As far as I can see this process is all complete for ANIC [1] so I will close this issue, and thanks for reporting it. Please can you continue to use the feedback mechanisms in place? - this Jira system, and the email addresses for the data manager and technical contacts are the most constructive way to ensure issues are addressed properly.
[1] http://www.gbif.org/dataset/beed1b50-8c73-11dc-aaed-b8a03c50a862
Author: rdmpage
Created: 2014-10-31 12:04:58.673
Updated: 2014-10-31 12:04:58.673
I take your point, but I don't think you can really claim to be a "dumb index" like Google (which, of course, isn't dumb at all given how much semantic processing it does).
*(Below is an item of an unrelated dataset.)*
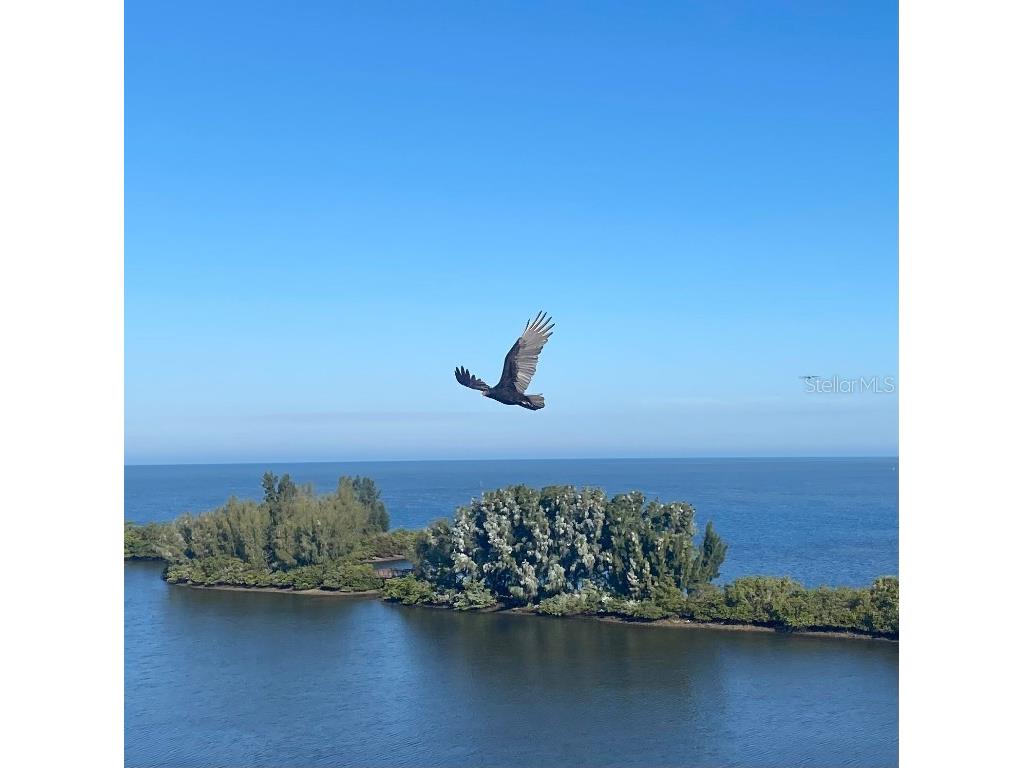 5915 Sea Ranch Drive #509W Hudson FL 34667 - GULF OF MEXICO S5084586 image66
In this case pretty obvious crap was ingested and displayed, and all I'm suggesting is that it should have been possible to spot that something was wrong (lat,long pairs of null and a float are a bit of a give away).
People changing ids between indexing is another issue, obviously they shouldn't do that, but in some cases (such as POR-2492 ) the identifier field was the same, just the collection code had changed. The provider had done what they were supposed to.
I get that this is challenging stuff, that resources are limited - and I'm on your side (even if you might not feel like it), but it's a continuing frustration to discover cases where there are large numbers of record (10^5 - 10^6) that are problematic. What's worse, is that I seem to be the first to spot these, which is deeply worrying (is nobody else looking?).